What’s natural about natural disasters?


Panel of CU-Boulder social scientists to take timely look at floods, fires and superstorms

In the wake of the September 2013 floods, Nebraska Task Force One conducts search and rescue operations in the hard-hit mountain town of Jamestown. Photo: Michael Rieger/FEMA.

Natural disasters like those that struck Colorado and the East Coast in the last year are the focus of a Social Sciences Today Forum at the University of Colorado Boulder.

The event, featuring four experts, is scheduled for Thursday, Nov. 14, from 6:30 p.m. to 8 p.m. in Hellems 201.

Four members of the CU-Boulder social science faculty will speak about natural disasters for about 10 minutes each and then answer questions. The panelists are:

Nicholas Flores, professor of economics.

Payson Sheets, professor of anthropology.

Kathleen Tierney, professor of sociology and director of the Natural Hazards Center, Institute of Behavioral Science.

Emmanuel David, assistant professor of women and gender studies.

Sheets will be introducing a new concept: the “supernatural disaster” that presents people’s understanding of extreme environmental events prior to the past couple centuries of scientific explanations.

“For instance, earthquakes for the Maya were caused by the Skybearers because of human misbehavior.

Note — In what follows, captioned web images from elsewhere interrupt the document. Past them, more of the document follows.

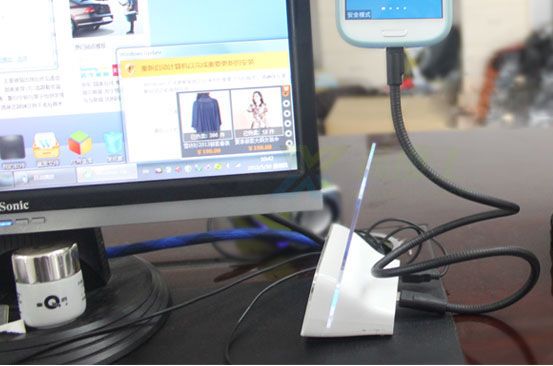 www.image_tmart.com_info_images_iphone_cable_stand3.jpg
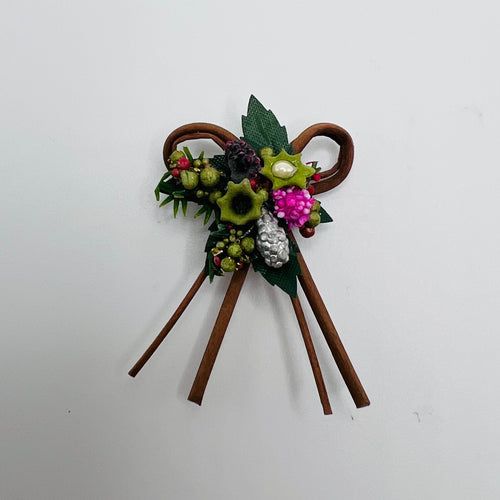Floral Bow Decoration - 1/12 Scale Dollhouse Miniature
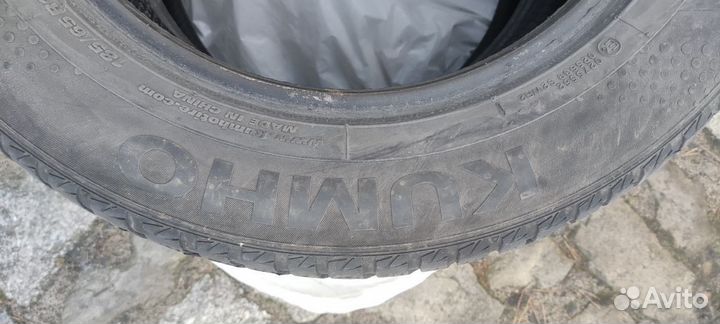 Kumho Ecsta 711 18.00/65 R15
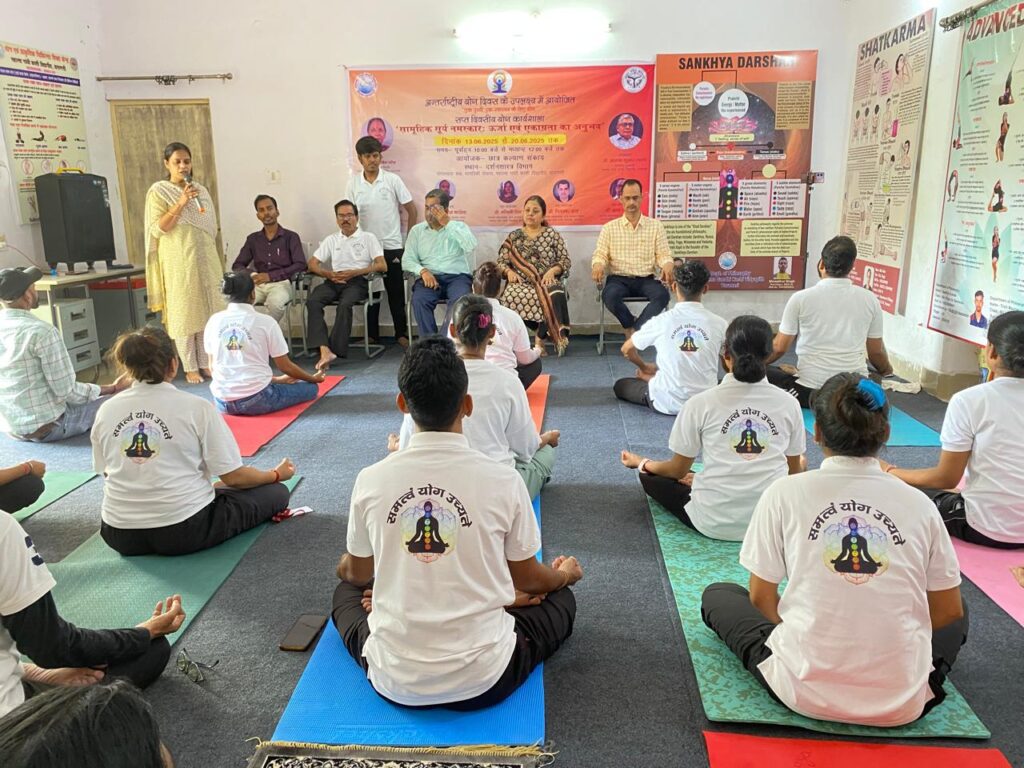 Kashi Vidyapith में योग का जोश! छात्रों ने सूर्य नमस्कार और ध्यान से बढ़ाया ऊर्जा और एकाग्रता Kashi Vidyapith में योग का जोश! छात्रों ने सूर्य नमस्कार और ध्यान से बढ़ाया ऊर्जा और एकाग्रता Kashi Vidyapith में योग का जोश! छात्रों ने सूर्य नमस्कार और ध्यान से बढ़ाया ऊर्जा और एकाग्रता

Tsunamis in the Northwest Coast of North America were caused by the battle between the sea god and the sky god, and after the earthquake people would climb to high ground,” Sheets said.

David said he will discuss his contention that natural disasters are far from being “great equalizers” and are not experienced in uniform ways. ”

Drawing on the fields of gender studies and disaster sociology, this presentation examines the gendered consequences of extreme events, which provide a lens through which gender inequalities in everyday life become visible.”

The Social Sciences Today Forum, a monthly series, is designed to help the public gain broader perspectives and deeper understanding of human society and how individuals relate to the community and one another. Natural disasters is one example of such a topic. In its inaugural session, the forum focused on immigration.

This forum brings the knowledge and expertise of social science faculty to the greater community and allows the community to ask questions of leading scholars.

The Hellems Arts and Sciences building is on the CU-Boulder main campus and is highlighted in this campus map.